We invited Roland de Hauke, who is the new owner of the quarry and the nature reserve, to our January 2014 committee meeting. Roland is passionate about trees and restoring natural habitats and has plans to enhance the species mix in both the quarry and reserve, as well as providing a more favourable habitat for birds to breed with more gradual shelving and reed beds on the margins of the water in the quarry and the river. This will involve some blasting of the steep sides of the quarry but the results will be beneficial to both to plants and wildlife. We look forward to working with Roland on the new Management Plan for the reserve.
The former ochre works and Ravens Rock has recently been given Local Nature reserve status by South Gloucestershire Council. The Authority formally declared the site a Local Nature Reserve on 31st March 2005. The wildlife haven is one of seven ‘Wildspaces’ in South Gloucestershire and joins a family of over 1000 LNRs in England.
The local community of Wick are celebrating the recent signing of a 99-year Access and Management Agreement between landowners Cemex and South Gloucestershire Council. The agreement was endorsed at a ceremony on 10th February 2005 which was attended by Steve Webb MP, the Regional Director of RMC Aggregates (now Cemex), the Chief Executive of South Gloucestershire Council and the Chair of South Gloucestershire Council. Members of the Friends Group, local children and funding supporters of the project were all on hand to help celebrate this important milestone.

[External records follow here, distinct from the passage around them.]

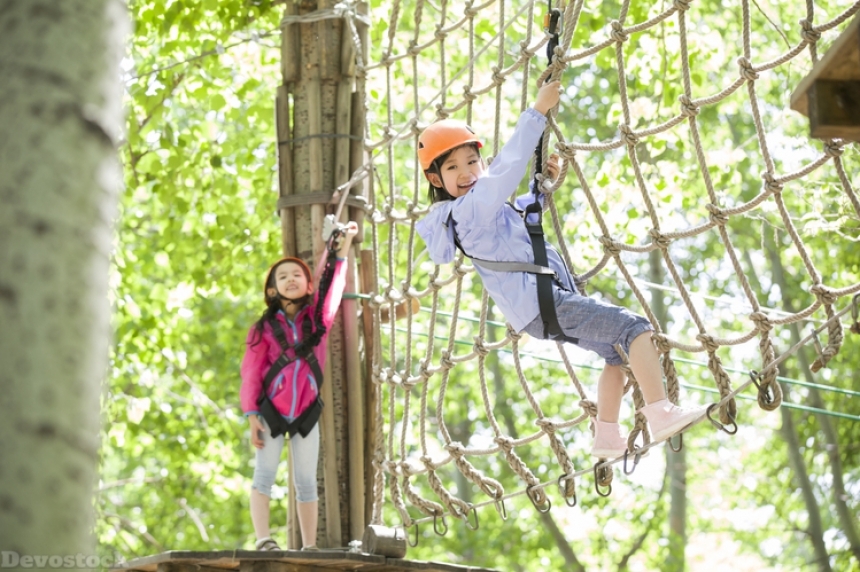 Devostock Little girls playing in tree top adventure park
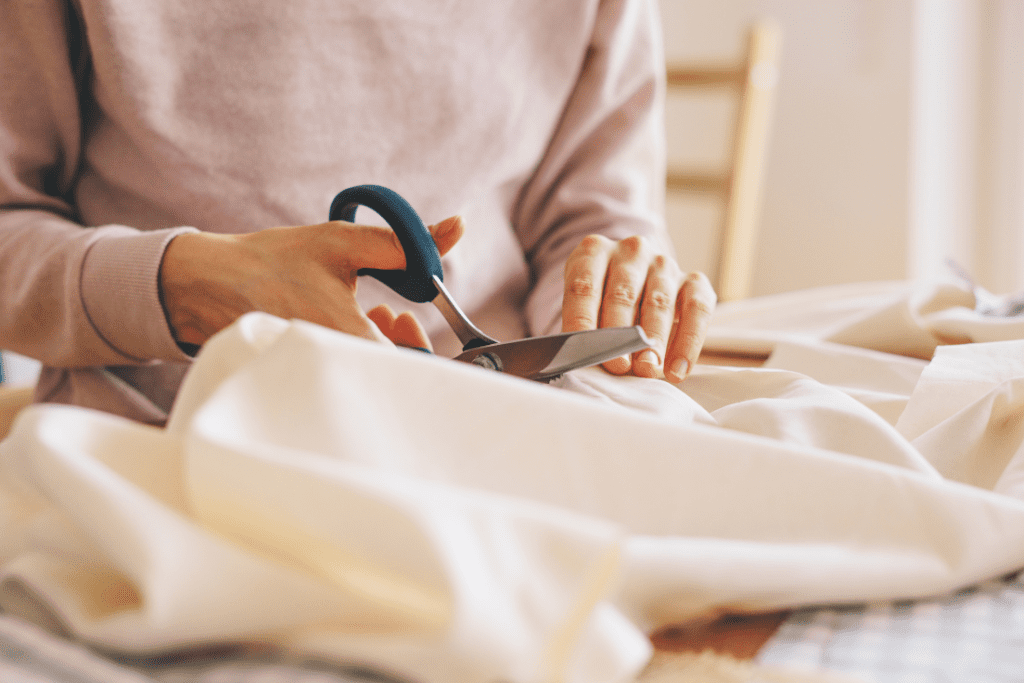 Women cutting fabric with fabric shears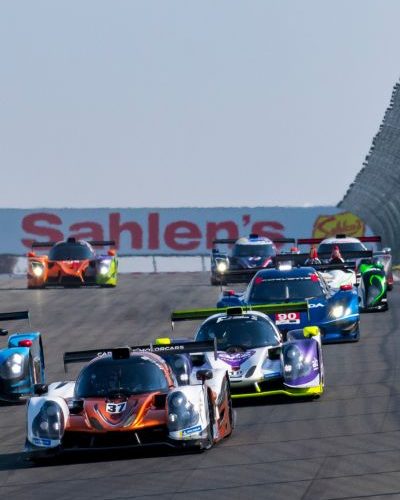 Historic race cars tightly packed on track at Watkins Glen International, speeding side by side under a Sahlen’s billboard during a sports car race.
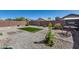 The backyard features rock landscaping, brick paver accents, and an artifical lawn at 1673 S 218Th Ave, Buckeye, AZ 85326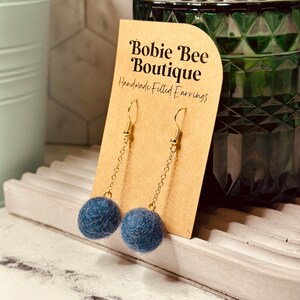 Op de afbeelding: Handgemaakte vilten oorbellen met een gouden ketting en haak. De oorbellen hebben een donkerblauwe vilten bal. Ze worden gepresenteerd op een bruine kaart met de tekst "Bobie Bee Boutique Handmade Felted Earrings."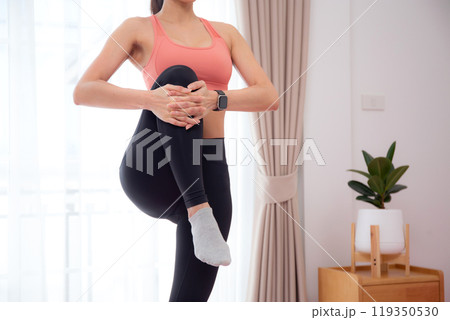 Beautiful young asian woman standing workout with warmup and stretch muscle leg at home. 119350530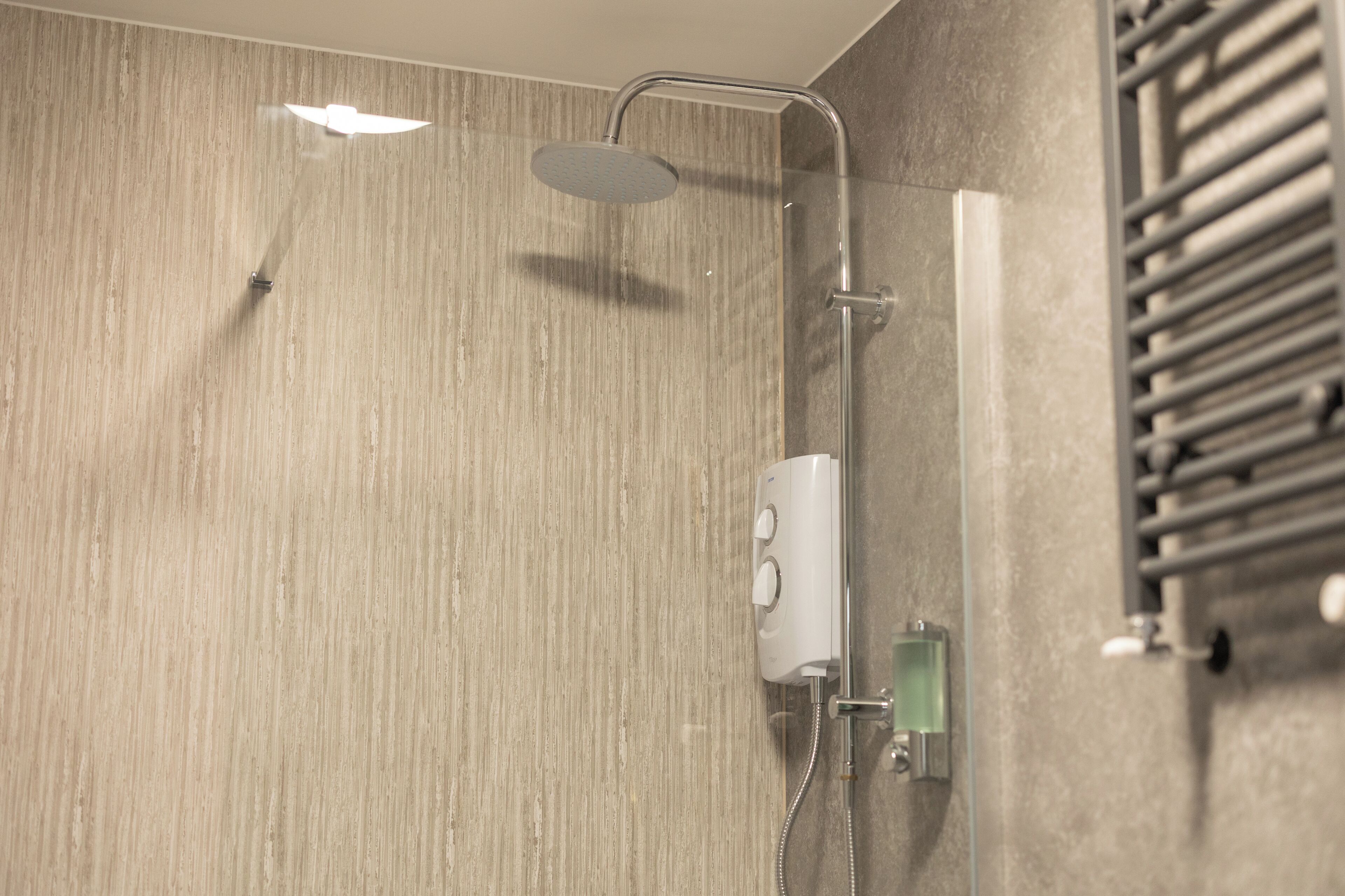 A modern shower with a handheld showerhead, a wall-mounted control panel, and a glass-enclosed soap dispenser.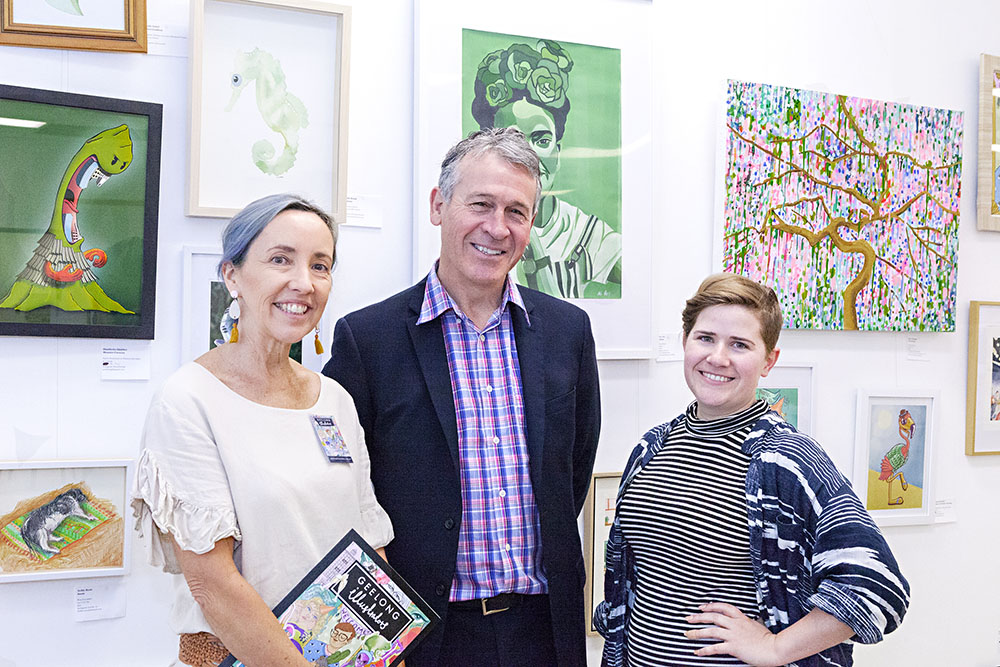 Mandy Dollery and Clare Holder from Geelong Illustrators with Mayor Bruce Harwood (centre)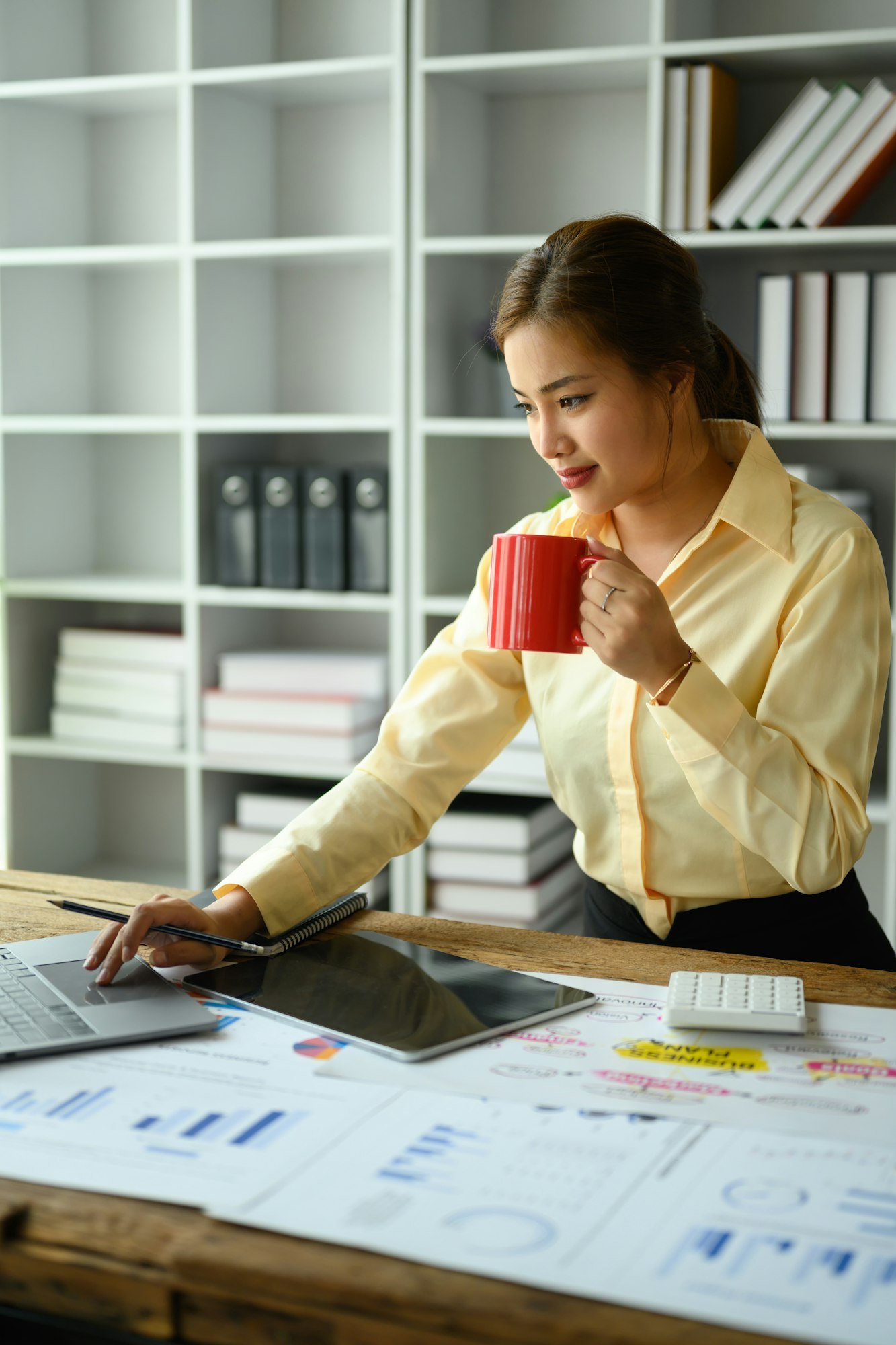 Image of female office worker holding coffee cup and checking business email on laptop computer.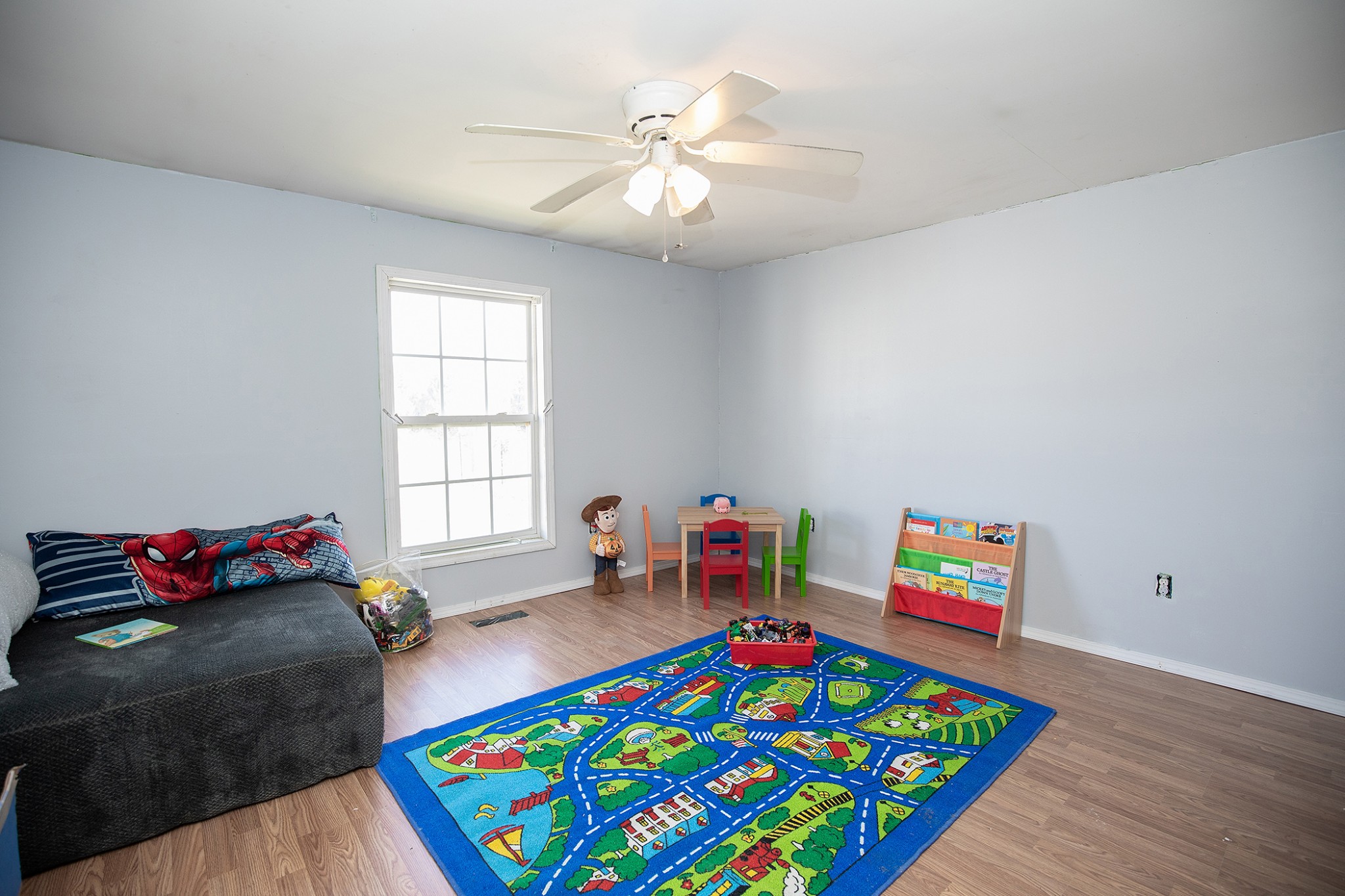 2113 Sugar Camp Road Springfield, TN 37172 - Photo 27 of 47 a bedroom with a bed and a wooden floor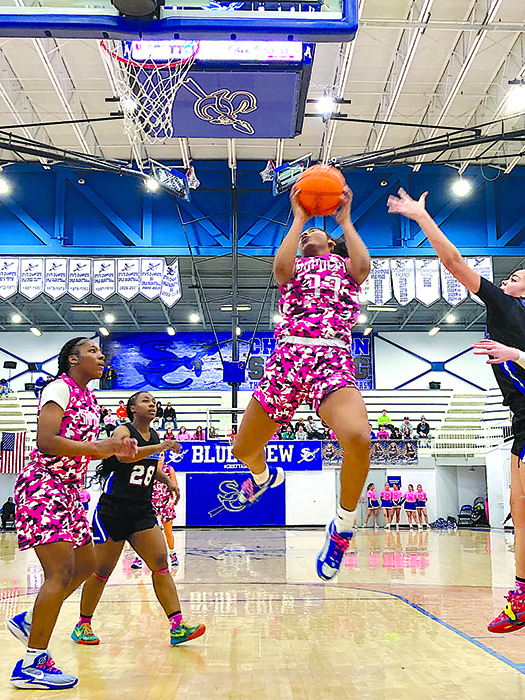 SENIOR TYLA HEARD leaps up to sink a layup, while sophomore Nylia Reid (left) looks on.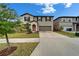 Inviting two-story home features a tidy front yard, cozy entrance, and convenient two-car garage at 16685 Parker River St, Wimauma, FL 33598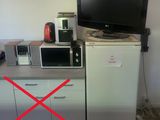 une photo d'une cuisine équipée d'un micro-ondes, d'un réfrigérateur et d'une télévision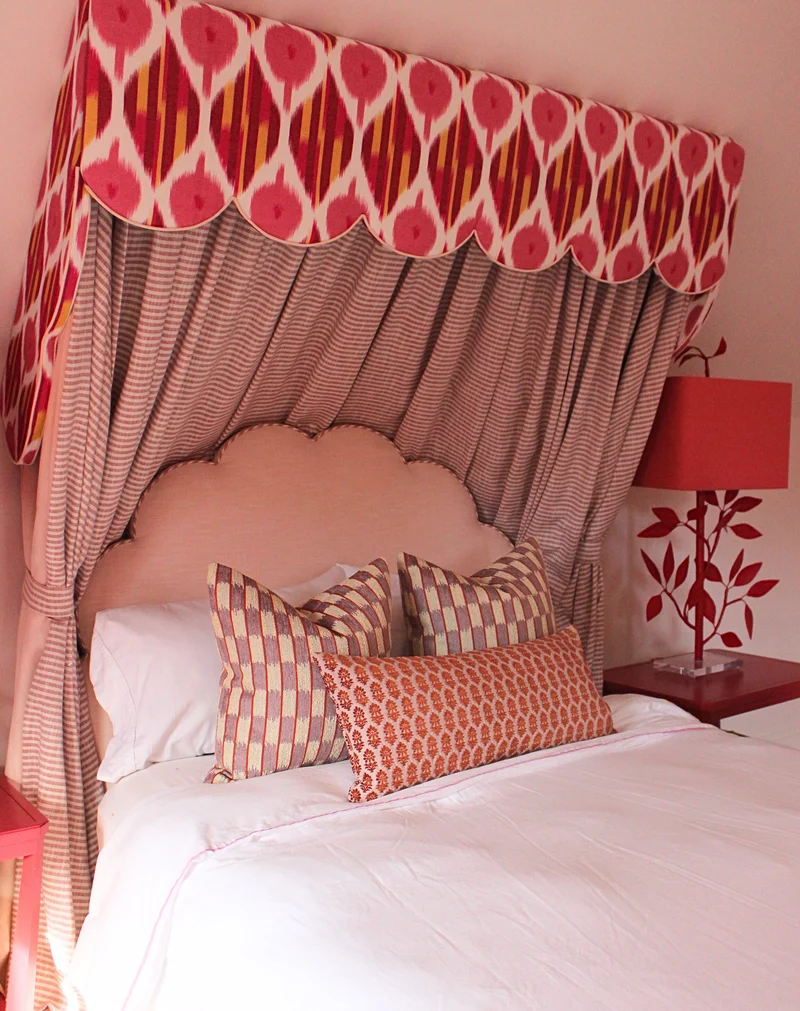 lifestyle image of a bed made up with pink, red, and purple decorative pillows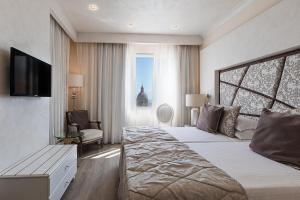 Ένα ή περισσότερα κρεβάτια σε δωμάτιο στο Osborne Hotel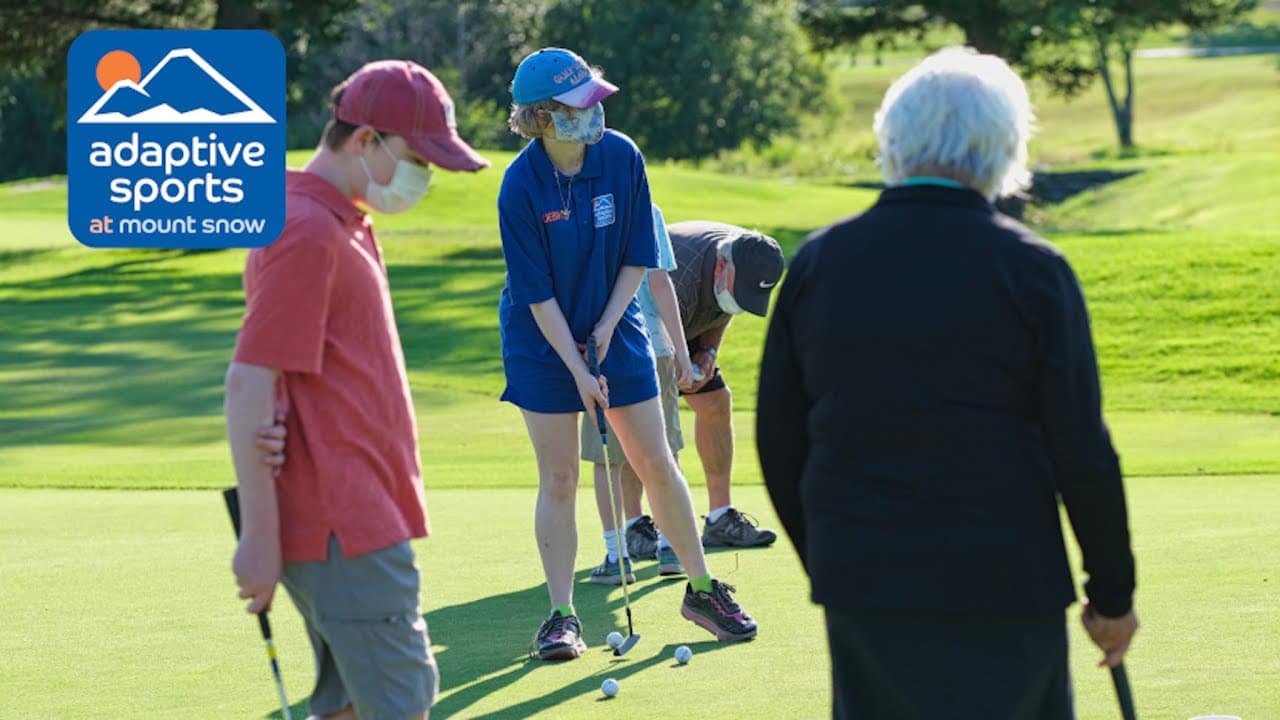 Adaptive students wearing masks practicing their putting skills with an instructor with his back to the camera.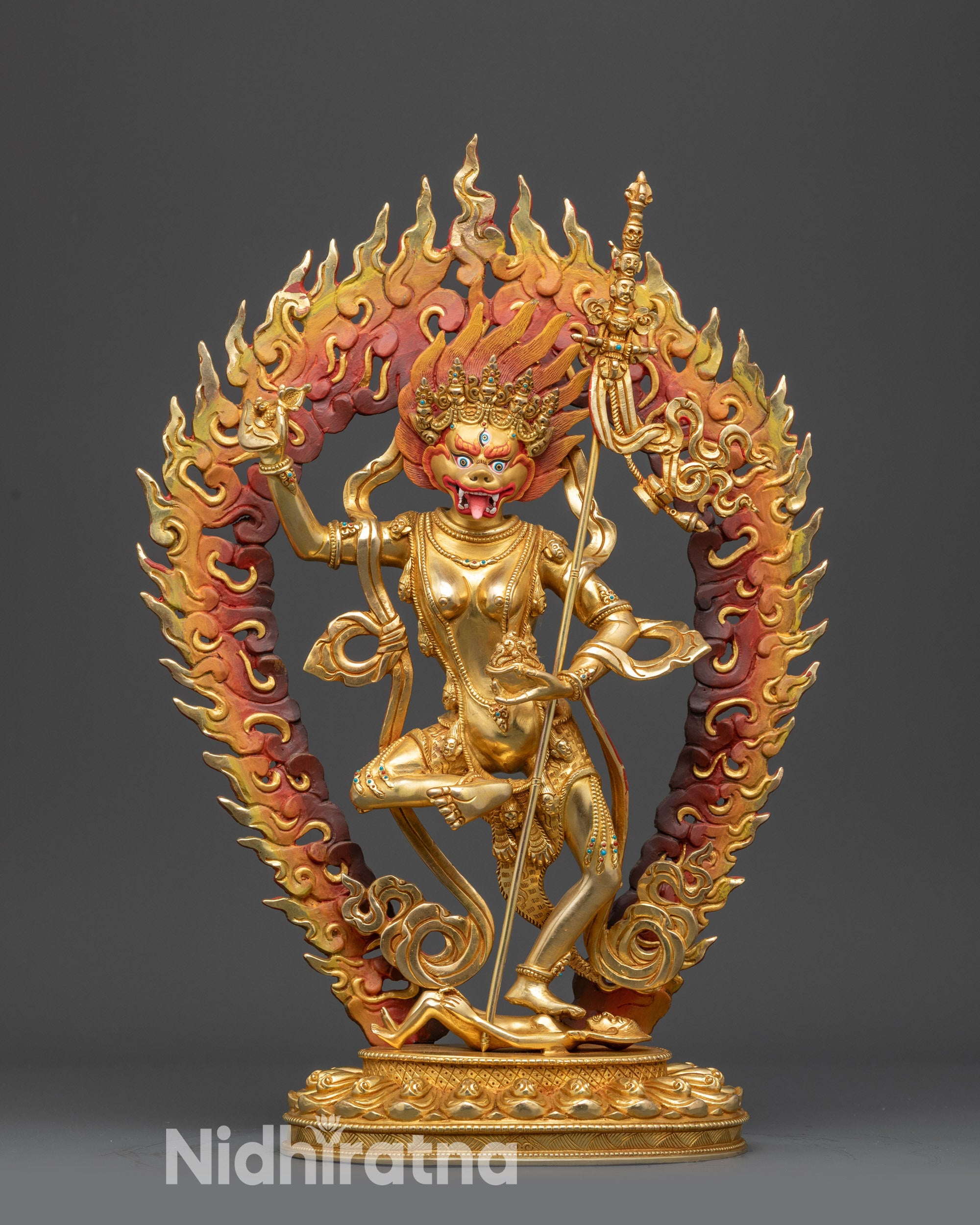 Front view Dakini Simha Mukha Statue with gold-gilded face and fierce expression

We are all waiting to see if the peregrine falcons return to their nesting site at Wick Quarry again this year. If so it will be the 10th year they will have successfully raised their young at the active aggregates quarry.
To mark the anniversary a unique project has been devised by the Wildspaces Partnership Project. This year for the first time a webcamera has been installed close to the nesting site. If all goes well we should be able to see the pair of peregrines night and day through the nesting season. As far as we know this is the first such camera in an active quarry.
The project involves the landowners Cemex, South Gloucestershire Council, The Hawk and Owl Trust, English Nature and Eco-Watch. The camera and its installation was funded through English Nature and DEFRA’s Aggregates Levy Sustainability Fund.
A website is currently being built to enable local people and people from around the world to look in on the falcons.
Two underground tunnels have been given a make over to attract local bats to the reserve. With funding from English Nature the disused turbine shafts have been converted to enable bat to hibernate during the winter.
In a joint project between South Gloucestershire Council, the Friends of Wick Golden Valley, Cemex, the Avon Bat Group and the Batscapes Project, we have been able to create new habitats for the 7 different species of bats found at the site to use.
The environmental fund to compensate communities affected by the quarrying industry, which has been administered by DEFRA is drawing to a close at the end of March 2011.
Although the tax will remain in place for the quarry industry the funds raised will now go directly to the Treasury.
The reserve has benefited greatly from this fund, improving access by helping to provide the steps up to the weir, funding the boundary wall restoration around Ravens Rock, the restoration of the grade II Winding House and the construction of the outdoor classroom. It has also paid for much of the conservation work, including the tree works.
We will now endeavour to seek funds from elsewhere to maintain the reserve to the high standard we have achieved to date.